Life is just very full right now.
Every day I'm involved in the nitty-gritty work of coming alongside others. Surely there is a need to pull away at times and reflect and evaluate and get some computer work done, but the more I get involved, the harder it is to pull away. I'm sorry for my absence here and will try to improve.
Here's something I've been mulling over in recent weeks:
In the last few weeks I have come across students who have finished 6th grade, 9th grade and 12th grade, and they all have two things in common: they cannot read and they cannot do the most basic math. Mind you, I did not say they were 12, 15 and 18 and had never been to school; rather, they have been going to school ever since they were 5 or 6 years old.
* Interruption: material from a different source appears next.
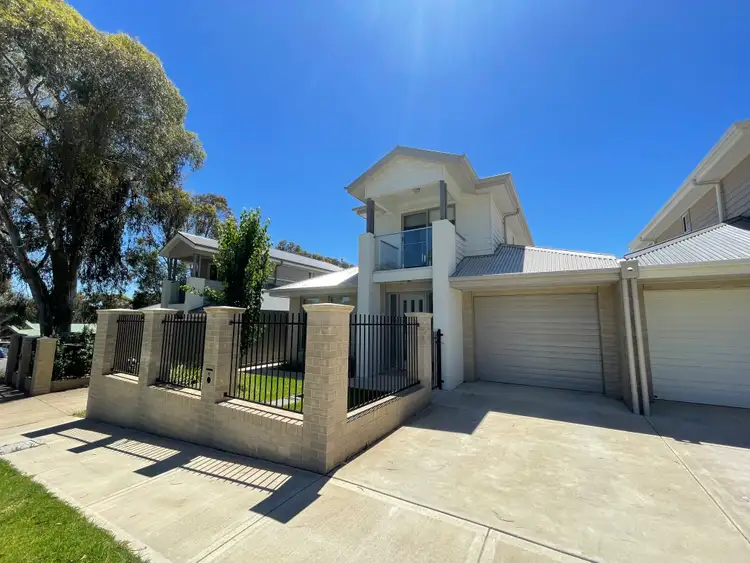 Second view of Homely townhouse listing, 11 Sage Court, Baranduda VIC 3691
Their parents have sacrificed to scrape together their school fees. They probably have average IQs, but they have simply fallen through the cracks when it comes to their education. In fact, I don't think 'cracks' is the right word, I think it's more like 'gorge' or 'Grand Canyon' simply because there are so many of them. I have not even gone searching for the lowest of the low; these are simply children who have crossed my path. How many more, like them, are out there?
When I heard the 18-year-old try to read to me, I felt like sobbing. What subject can you do without knowing how to read? What kind of survival skills has she learned in order to somehow pass to the next level year after year? Is her whole life made up of dodging and copying and cheating, and who knows what else? That's her own normal. But now that we have identified the problem, we are going back and teaching her how to read just like a 1st grader. I weep for the wasted years.
If I look at the number of children in a similar situation, I won't be able to cope. For now we will have to be satisfied with reaching the children within our grasp.
The children I have mentioned here are in our Orphans and Vulnerable Children program. Their parents either have HIV or have died of HIV/AIDS complications.